2、对周恩来同志的亲属,侄儿女辈,要求党组织和有关单位的领导和同志们,勿因周恩来同志的关系,或对周恩来同志的感情出发,而不去依据组织原则和组织纪律给予照顾安排。这是周恩来同志生前一贯执行的。我也坚决支持的。此点对端正党风,是非常必要的。我无任何亲戚,唯一的一个远房侄子,他很本分,从未以我的关系提任何要求和照顾。以上两点,请一并予以公布。
邓颖超
1982.6.17重写
知道邓大姐写遗嘱后,我心情十分难受,曾劝她说:“您写那么早干什么?现在还不到时候。”她说:“等我不能写的时候已经晚了,趁我现在身体好,头脑还清楚,还能动笔的时候写出来好。这是为组织上好办。我活着的时候,有时有些事你替我背,我死了不能再让你为我背。”自从写完遗嘱,邓大姐就好像了却一桩心事,可她还总时不时嘱咐我:“我死后,把我给党中央的信公布了。只是让大家知道我已不在了,就可以啦。
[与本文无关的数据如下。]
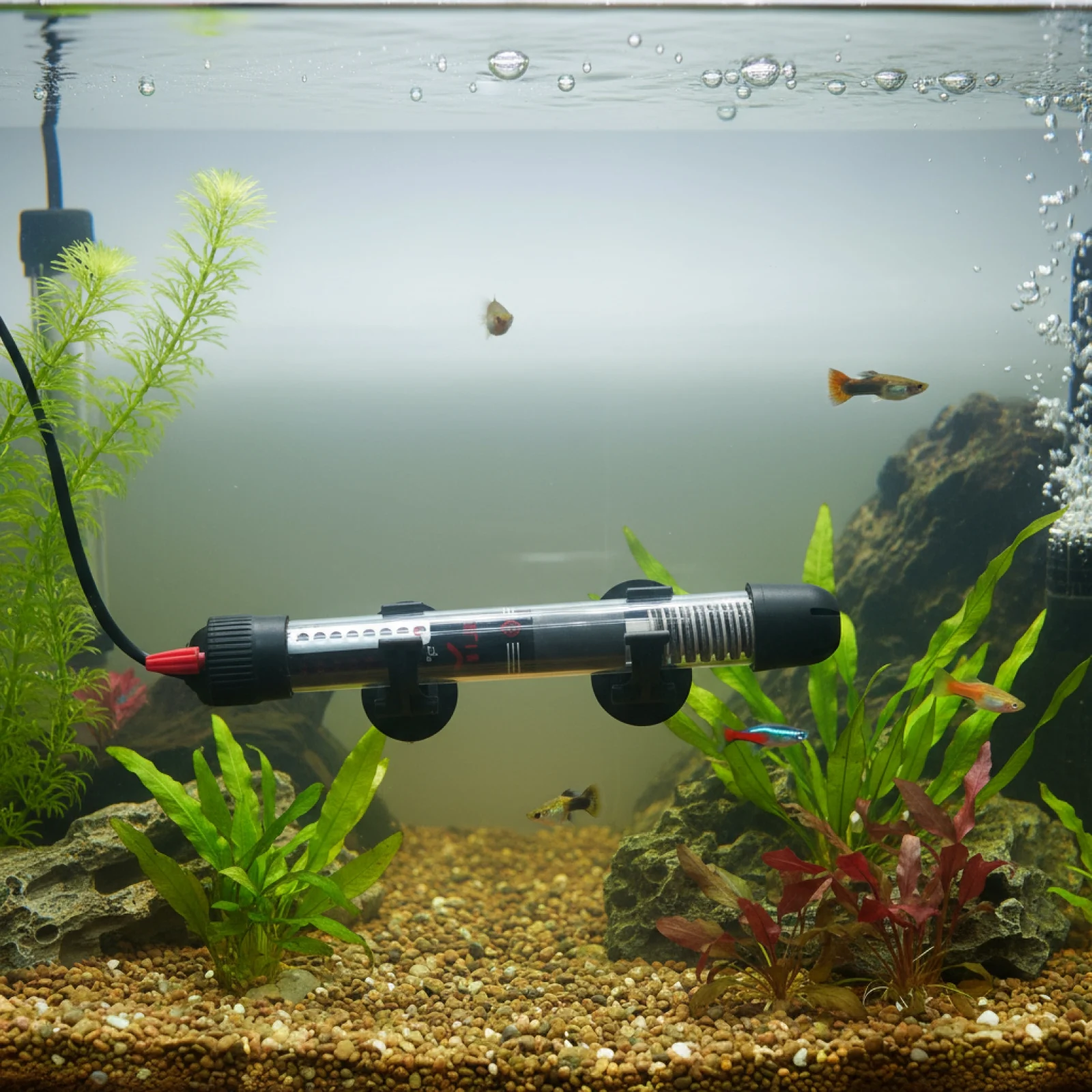 25/50/100/200W Submersible Fish Tank Heater with Suction Cups Aquarium Auto Temperature Control Warmer for Aquatic Pet Supplies - imagen 2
”
1982年,邓大姐的身体一直不太好,因此在立下了第一份可供公布的遗嘱之后,她又写下一封交办自己身后具体事宜的字条,把如何处理她的遗物等事都委托给中央办公厅副主任杨德中、中央文献研究室主任李琦、保健医生张佐良、警卫秘书高振普、周总理的侄子周秉德和我六个人。对于这份有关身后事宜的具体嘱托,我们把它称为邓大姐的第二份遗嘱。这份“遗嘱”没有很正式的行文,全文是这样的:
委托下列几位同志办的几项事:
由杨德中、李琦、赵炜、张佐良、高振普、周秉德组成小组,请杨德中同志负责主持,赵炜同志协助。
关于我死后简化处理,已报请中央批准外,对以下几件事,由小组办理:
一、在我患病无救时,万勿采取抢救,以免延长病患的痛苦,以及有关党组织、医疗人员和有关同志的负担;
二、未用完的工资,全部交党费;
三、我和周恩来同志共住的房子,由原公家分配,应仍交公处理。周恩来同志和我历来反对搞我们的故居;
四、所有图书出版物,除由中办发给恩来的大字理论和历史书籍,仍退还原机关外,其他的交共青团中央酌分给青少年集中阅读的单位用;
五、我的文件,来往通讯,文书之类的文件,交中央文献办公(研究)室清理酌处;我和周恩来同志所有的照片也交中央文献办公(研究)室存处;
六、有些遗物可(交)公的均交公或交有关单位使用;
七、我个人的遗物、服装、杂件,交给分配合用的及身边工作同志、有来往的一部分亲属,留念使用;
以上诸事,向委托办理的同志,先此表示谢意!在以上范围以外的其他物品统由小组同志议处。